- WHAT NEEDS TO BE DONE: Please give back, exactly as written, the lines from the line with "Woman wearing a" to the line with "Octavio Jones /" in the listing below, leaving out all pictures.

- RAW DATA:
####

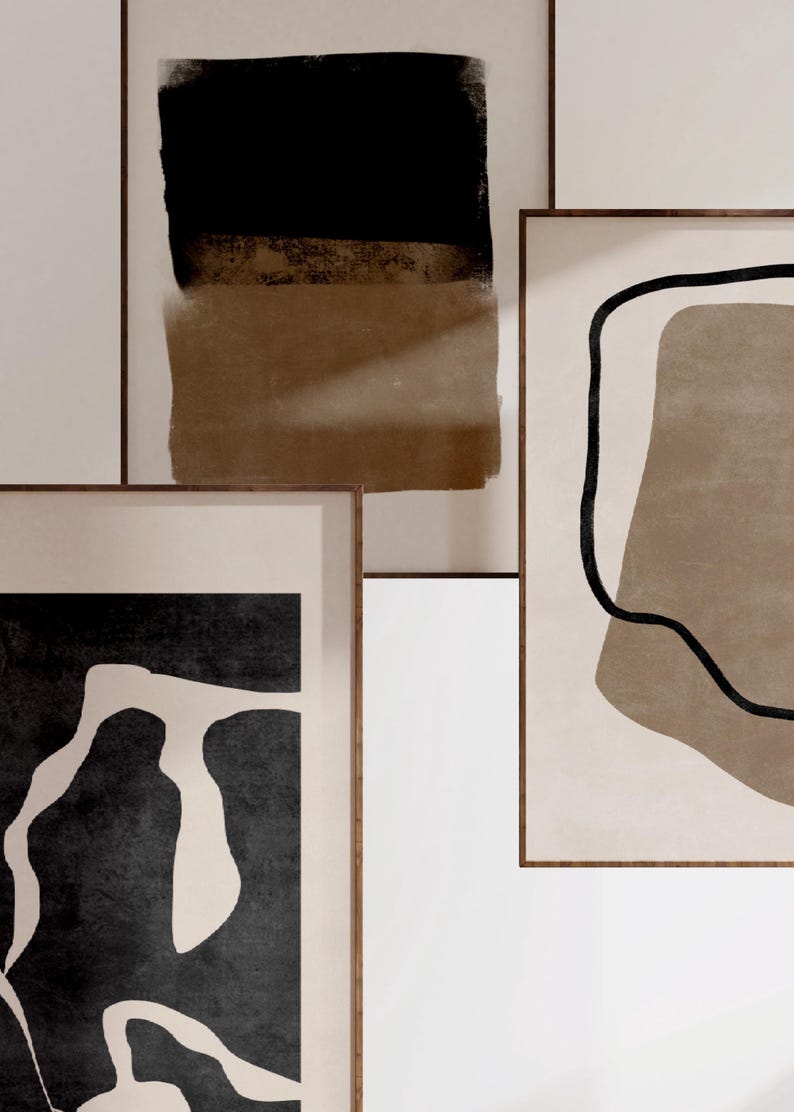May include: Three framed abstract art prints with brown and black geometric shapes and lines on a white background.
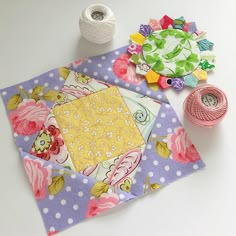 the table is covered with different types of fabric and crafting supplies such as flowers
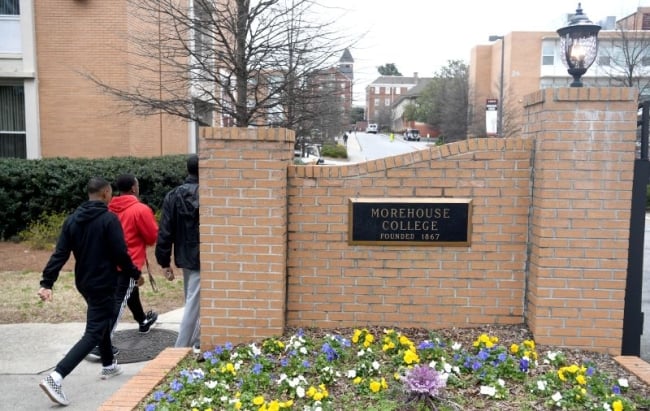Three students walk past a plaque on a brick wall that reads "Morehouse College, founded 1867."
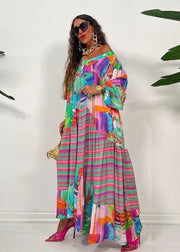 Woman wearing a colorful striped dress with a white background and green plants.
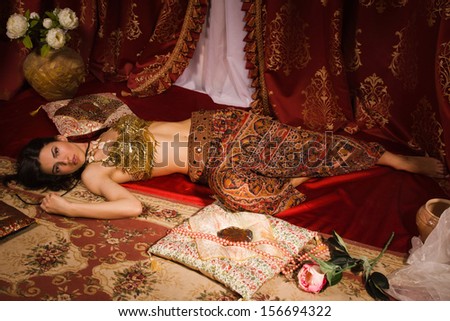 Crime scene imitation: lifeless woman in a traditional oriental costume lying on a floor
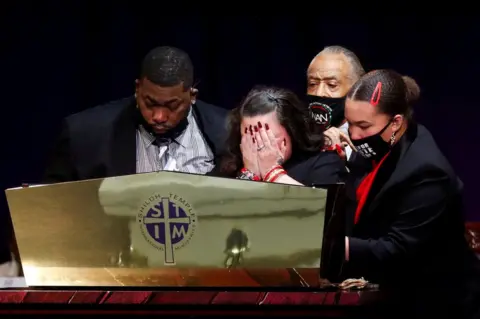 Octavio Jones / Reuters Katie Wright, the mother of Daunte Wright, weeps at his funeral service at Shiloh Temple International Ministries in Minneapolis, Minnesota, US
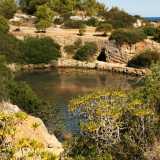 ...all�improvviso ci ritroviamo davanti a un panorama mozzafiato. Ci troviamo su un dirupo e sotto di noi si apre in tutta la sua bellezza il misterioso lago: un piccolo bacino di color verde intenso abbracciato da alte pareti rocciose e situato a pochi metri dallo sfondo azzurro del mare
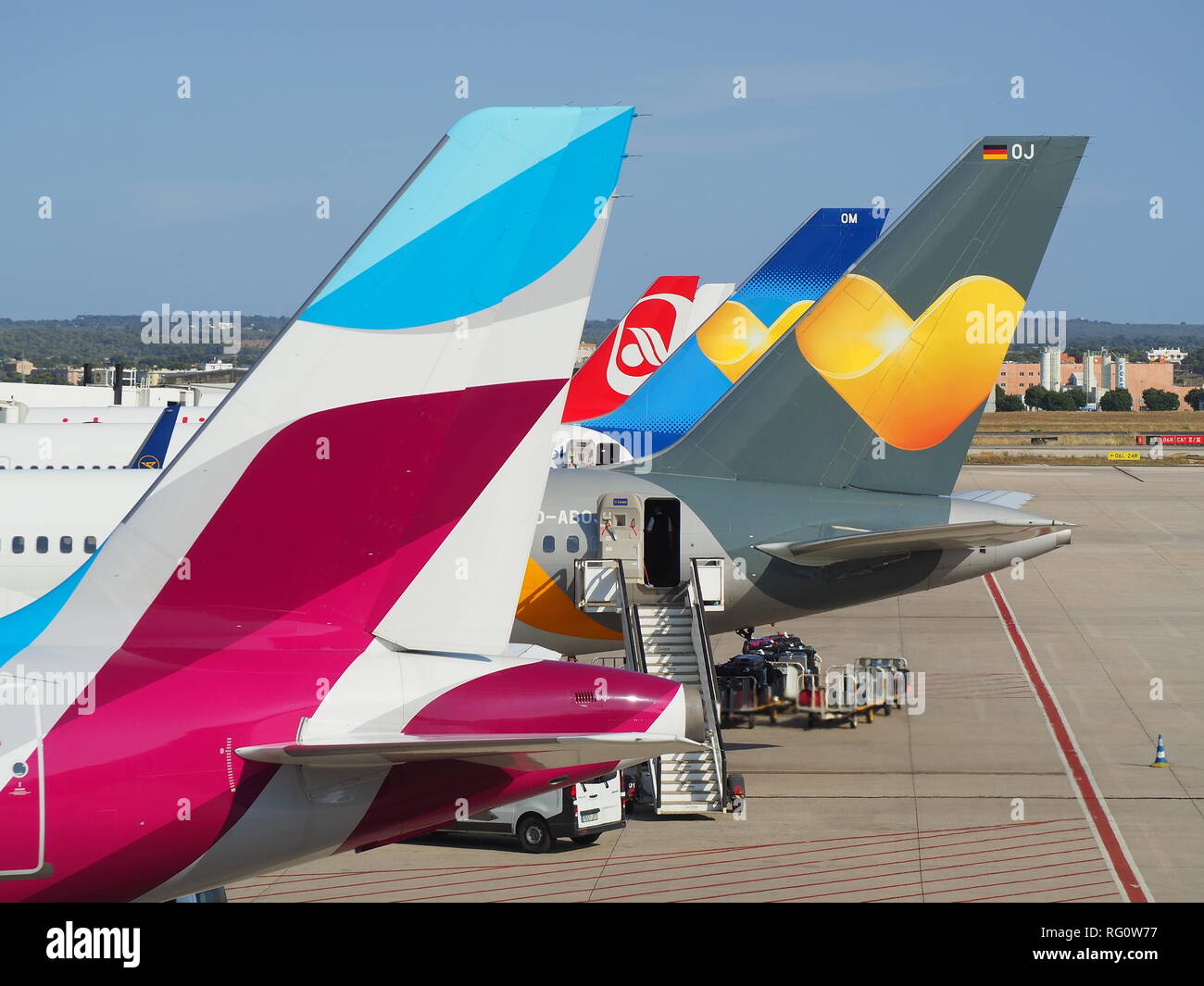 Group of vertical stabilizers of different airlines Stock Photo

####

- OUTPUT OF THE TASK:
 Woman wearing a colorful striped dress with a white background and green plants.
 Crime scene imitation: lifeless woman in a traditional oriental costume lying on a floor
 Octavio Jones / Reuters Katie Wright, the mother of Daunte Wright, weeps at his funeral service at Shiloh Temple International Ministries in Minneapolis, Minnesota, US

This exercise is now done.